Records shown:
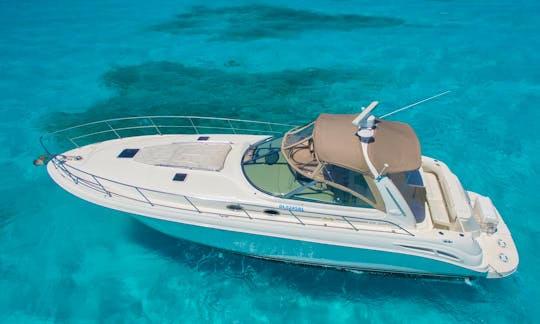 Luxury Sea Ray 410 Express Cruiser Private Yacht Rental for Groups, Families up to 15 Pax in Cancún, Quintana Roo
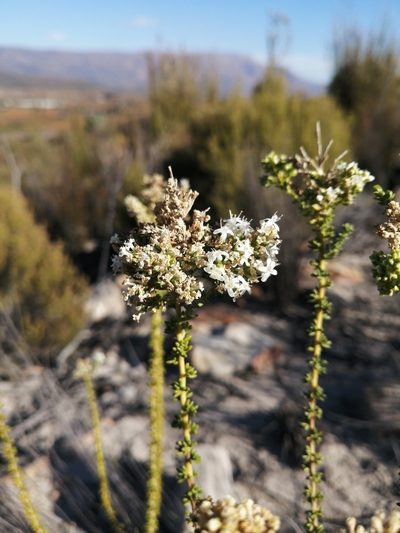 Selago singularis, photographed by Danie Palm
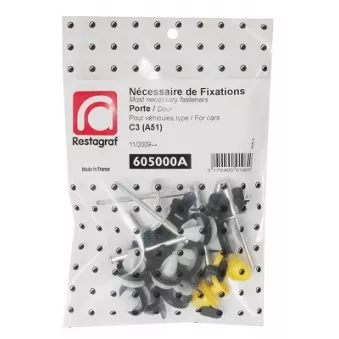 Kit de clip de fixation, carrosserie RESTAGRAF 605000A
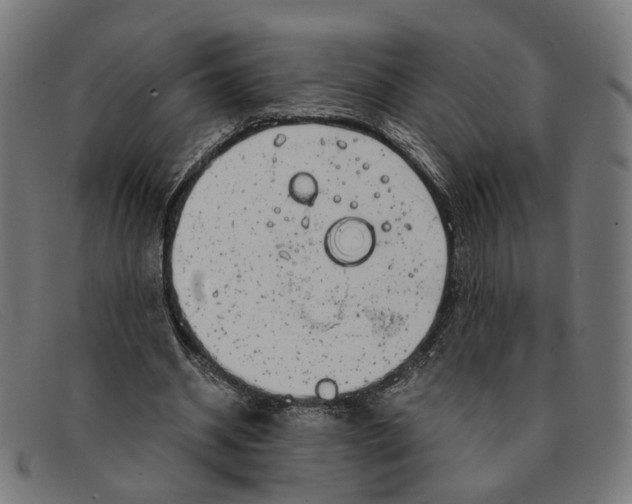 X0000091450534200709131717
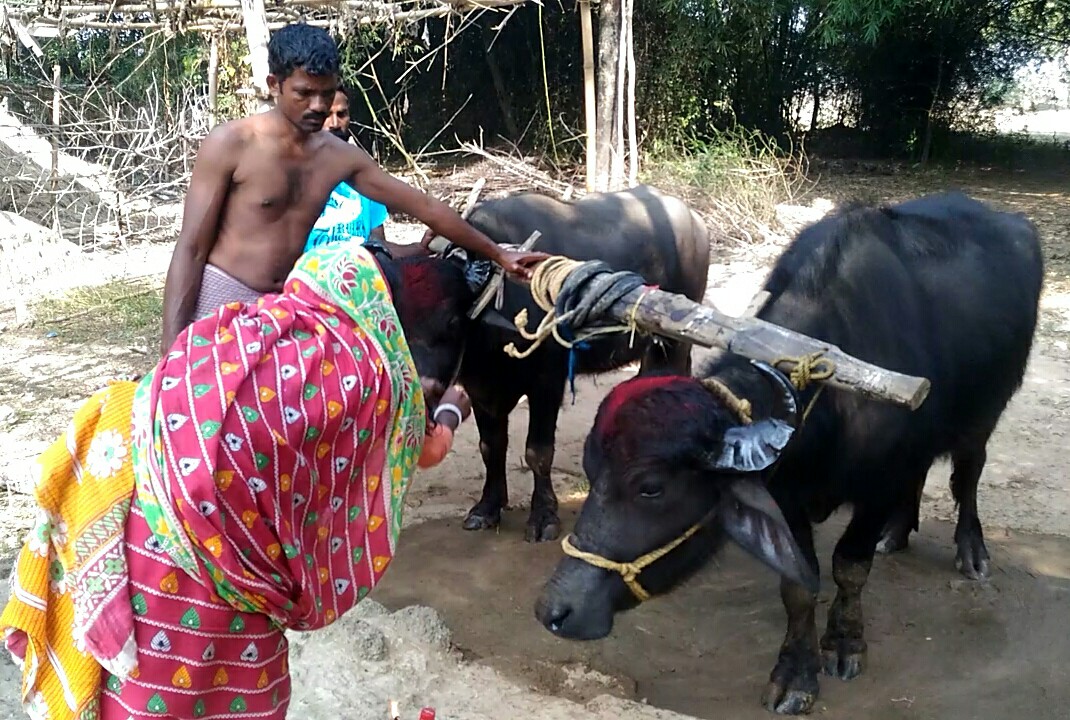 আজ থেকে শুরু হয় কুড়মালি নববর্ষ 1 আজ থেকে শুরু হয় কুড়মালি নববর্ষ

What is required:
Your copy should hold exactly the lines from the one with "Kit de clip" through the final line of the records, both ends included, and no pictures.

Response area:
 Kit de clip de fixation, carrosserie RESTAGRAF 605000A
 X0000091450534200709131717
 আজ থেকে শুরু হয় কুড়মালি নববর্ষ 1 আজ থেকে শুরু হয় কুড়মালি নববর্ষ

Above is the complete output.